#### AVAILABLE RECORDS:
-=-=-
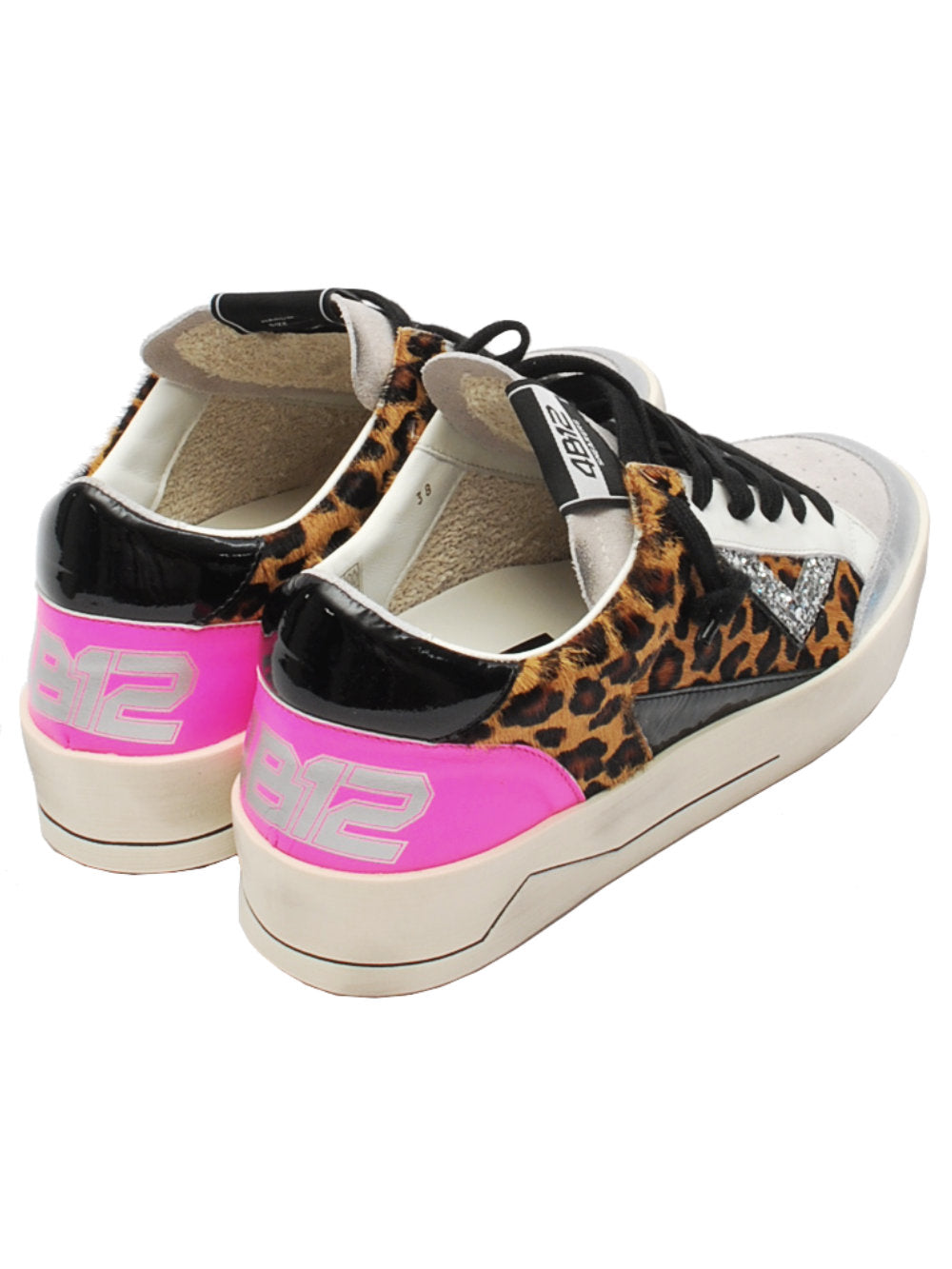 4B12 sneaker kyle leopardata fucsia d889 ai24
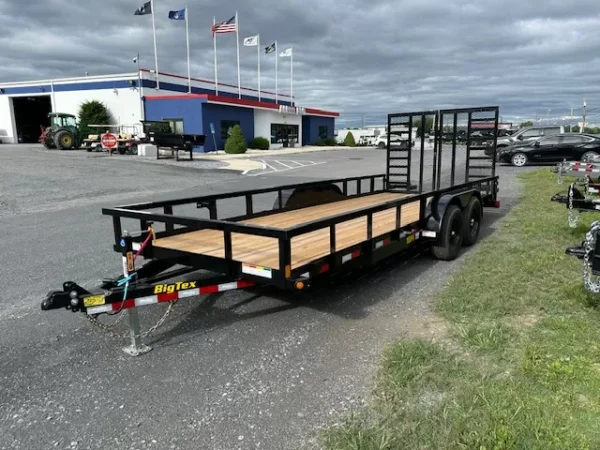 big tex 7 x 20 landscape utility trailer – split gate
-=-=-
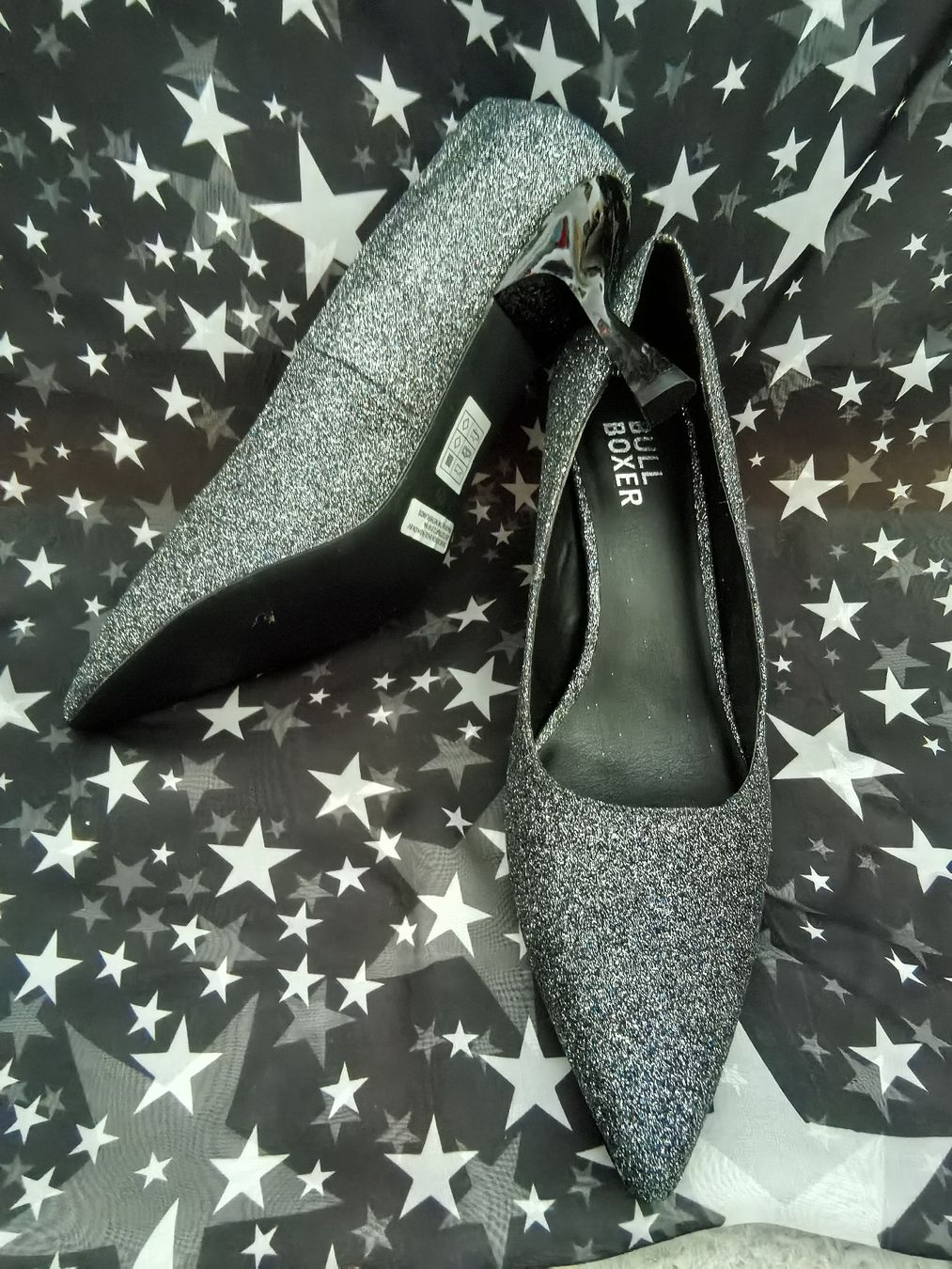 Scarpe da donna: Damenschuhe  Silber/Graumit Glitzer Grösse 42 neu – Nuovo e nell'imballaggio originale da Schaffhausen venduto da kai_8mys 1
-=-=-
#### GOAL OF THE EXERCISE:
Pictures are to be left out. Write out only the lines above starting at the one with "4B12 sneaker kyle" and ending at the one with "big tex 7 x", both lines included, exactly.

#### TASK ANSWER:
 4B12 sneaker kyle leopardata fucsia d889 ai24
 big tex 7 x 20 landscape utility trailer – split gate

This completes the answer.